Hans Holbein est né à Ausbourg et non à Bâle, en 1498. Il est mort à Londres, en 1554, la même année que Jane Grey.

Il ne faut pas confondre ce grand artiste avec ses frères Sigismond et Ambros, ni avec son père, trois peintres médiocres.

Hans à lui seul est un musée. Il a reproduit tous les personnages principaux des quatre règnes auxquels j'ai touché. Il était le grand peintre de la cour, le peintre à la mode. Toute l'aristocratie venait à lui. Il ne refusait personne et traçait rapidement l'esquisse des figures au crayon rouge ou à l'huile. Ses élèves copiaient ces figures et les achevaient; d'autres aussi que ses élèves s'en mêlèrent, ajoutant les accessoires, le costume, les parures. Ce n'était plus Holbein et cependant ce l'était au fond.

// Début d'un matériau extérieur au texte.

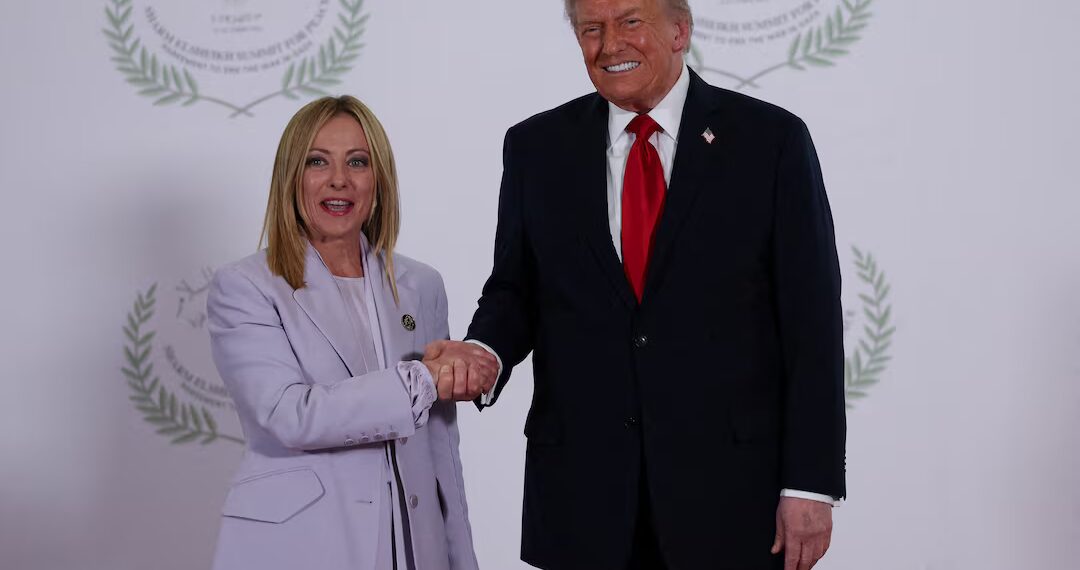 মেলোনির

Tels sont les modèles divers qu'a reproduits Bartolozzi. Ils remontent tous ou presque tous à Holbein. Bartolozzi était un graveur laborieux. Né à Venise en 1725, il s'établit près de Londres en 1764, et il mourut dans la grande capitale, en 1819, à quatre-vingt-quatorze ans. Je connais de lui soixante et quinze figures qui laissent beaucoup à désirer au point de vue de l'art,—mais au point de vue historique, elles sont d'un prix inestimable; car ce sont des figures vraies, des portraits authentiques.